È importante anche perché è il fondatore della prestigiosa accademia KoSA a Montréal, che opera in tutto il mondo. Con suo fratello, Antonino Mazza (scomparso dieci anni fa, poeta, scrittore, traduttore in lingua inglese di Montale e Pasolini, autore di un libro su un altro grande poeta di origine calabrese, Saro D’Agostino) ha realizzato uno dei più belli CD di musiche e poesie che viaggiano tra mondi, identità plurali, ricerca delle origini e nuove forme di appaesamento. La cosa bella, praticamente ignorata, è che Aldo Mazza torna spesso in Calabria, ha comprato una casa a Sersale, e da due anni, organizza, senza sostegno e finanziamento, un raduno internazionale di musica, cucina, con concerti e scuola di strumenti come la batteria, i tamburelli, quel tamburello dell’Aspromonte, con cui sua madre in Canada, suonò durante le registrazioni del disco dei figli. Chi si accorgerà di Aldo Mazza? E chi di Joseph Maviglia, il cui padre è partito negli anni Cinquanta da Brancaleone, è che ora scrive bellissime poesie, ed è uno dei cantautori (tra Calabria e Canada, tra musiche tradizionali e Dylan e Springsteen) che sognerebbe un “ritorno” in Calabria anche per costruire qualcosa di stabile e di duraturo?
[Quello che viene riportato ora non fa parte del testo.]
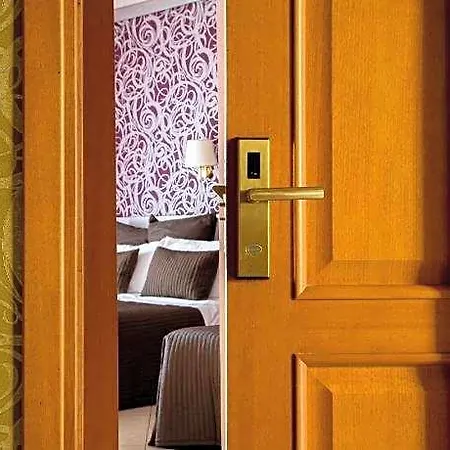 Bed & Breakfast In Vale&hillary Colosseo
Potrei continuare, Presidente Occhiuto, ma ci saranno altre sedi, adesso mi rivolgo a Lei e agli altri uomini e donne delle istituzioni, per cercare di vedere se sia possibile riprendere l’idea (e la realizzazione) di un “Museo Rock”, magari cercando di capire cosa sia successo a Cotronei, accertando (visto che i fondi sono regionali), per gli aspetti di sua competenza, eventuali errori e responsabilità di chi ha vanificato questo bel progetto, e se da lì non sia possibile, con un’altra idea e un’altra visione etica, ripartire per “ricostruire” e “inventare una nuova immagine della Calabria nel mondo e “qui ed ora”. E se questo non dovesse essere possibile, faccia un passo necessario, di alto valore simbolico. Contatti Steven Tyler, lo ringrazi e gli chieda scusa a nome di tutti quei calabresi che lo stimano e vivono con vergogna, imbarazzo, disagio quanto è accaduto. Cerchi di convincerlo a “tornare” in Calabria. Se non a Cotronei, in un paese “interno”, di grande valore simbolico, dove costruire un “Museo del Rock” o un “Museo delle identità”, un “Museo della mobilità calabrese”, un “Polo Culturale dell’Identità Globale Calabrese”, “Le onde sonore di chi parte e di chi resta” (i nomi non mancano), trasformando un fallimento locale in un’iniziativa regionale e nazionale, una “maledizione” in opportunità, un luogo che dia qualche opportunità di lavoro a qualche giovane appassionato e competente, che attragga tutti i calabresi, i meridionali, i giovani di Europa. La Calabria ha una storia musicale di grande interesse mondiale. Da intrecciare e mescolare con le vicende musicali della “Calabria altrove” che ama anche qui. Da legare a ricerche sui paesi, sulle musiche, sul teatro, sui suoni della Regione. Un “Museo del Rock” che faccia volare verso il cielo i suoni del Rock, del jazz, delle “tarantelle”, dei nuovi autori e cantautori della Regione. Un modesto, spero non invadente, consiglio. So bene che quelli che “restano” (per cambiare) non possano che essere i protagonisti di queste rigenerazioni comunitarie, ma non tutti quelli che restano sono uguali e sono animati dalla voglia di fare costruire, affermare un’altra idea di Calabria, con competenza, fantasia, senso etico e della giustizia.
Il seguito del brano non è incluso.